Last week Twitch announced the addition of over 350 new tags for streamers in an attempt to make the community more inclusive. These tags range from a variety of terms such as transgender, Black, disabled, veteran and Vtuber. References to “ally” from the LGBTQIA+ tag will also be removed to have its own separate tag.
The tags feature was added to the platform in 2018 as a way to filter results when looking for a stream, and creators are able to include up to five tags per stream to specify their content. But many in the community were wondering why certain tags were not included.
The platform acknowledged this, saying that “we intentionally designed that system for creators to be able to describe what they were streaming, not who they were or what they stood for. We have maintained this distinction since that time, and we were wrong.”

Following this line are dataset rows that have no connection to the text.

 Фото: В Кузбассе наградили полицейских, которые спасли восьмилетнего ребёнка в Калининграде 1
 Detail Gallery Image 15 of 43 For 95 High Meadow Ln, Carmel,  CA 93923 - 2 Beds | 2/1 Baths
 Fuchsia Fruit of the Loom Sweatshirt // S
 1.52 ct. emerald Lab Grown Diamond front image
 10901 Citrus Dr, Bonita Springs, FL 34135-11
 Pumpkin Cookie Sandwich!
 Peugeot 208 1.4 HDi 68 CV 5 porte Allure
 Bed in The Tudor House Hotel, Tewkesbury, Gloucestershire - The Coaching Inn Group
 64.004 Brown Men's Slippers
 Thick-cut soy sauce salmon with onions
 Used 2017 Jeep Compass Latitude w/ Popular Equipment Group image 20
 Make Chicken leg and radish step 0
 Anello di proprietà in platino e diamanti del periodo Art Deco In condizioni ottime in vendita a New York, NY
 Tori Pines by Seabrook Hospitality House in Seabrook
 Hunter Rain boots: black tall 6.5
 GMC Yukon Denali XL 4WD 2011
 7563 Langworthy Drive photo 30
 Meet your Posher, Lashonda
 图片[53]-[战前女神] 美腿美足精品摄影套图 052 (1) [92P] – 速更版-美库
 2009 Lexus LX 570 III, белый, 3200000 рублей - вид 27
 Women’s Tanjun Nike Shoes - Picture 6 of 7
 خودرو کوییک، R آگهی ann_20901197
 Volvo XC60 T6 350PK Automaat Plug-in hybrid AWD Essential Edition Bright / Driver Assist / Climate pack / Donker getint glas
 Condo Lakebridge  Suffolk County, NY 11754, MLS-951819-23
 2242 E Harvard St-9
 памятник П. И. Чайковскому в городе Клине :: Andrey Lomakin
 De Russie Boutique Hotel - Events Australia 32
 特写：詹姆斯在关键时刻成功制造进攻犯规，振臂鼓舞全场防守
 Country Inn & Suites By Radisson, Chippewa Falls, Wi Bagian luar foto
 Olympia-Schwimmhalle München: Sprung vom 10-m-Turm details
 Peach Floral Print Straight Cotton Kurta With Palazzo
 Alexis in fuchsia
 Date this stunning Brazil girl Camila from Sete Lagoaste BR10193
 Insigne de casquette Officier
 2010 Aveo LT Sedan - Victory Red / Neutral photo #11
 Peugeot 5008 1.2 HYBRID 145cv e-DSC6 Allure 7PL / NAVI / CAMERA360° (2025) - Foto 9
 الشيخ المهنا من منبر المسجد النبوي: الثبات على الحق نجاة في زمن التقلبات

Nonprofits such as TransLifeline created an outside tool called Peer2Peer that allows viewers to search for content under identity related tags. Viewers can look up tags based on race/ethnicity, gender, mental health and more.
“We’d like to thank the trans community for originally requesting the ‘transgender’ tag, and for their passion and persistence in the pursuit of request. This has been one of the most popular requests we heard, and the simple truth is that we should have done this sooner,” Twitch said in their announcement.
With the addition of the tags on the actual platform itself, this will allow streamers and viewers to create a safe space within their specific communities. Twitch had previously cracked down on hateful conduct and harassment in 2020, but this addition will hopefully provide tools in which members of the community can find inclusive spaces and be proud and open about their identity.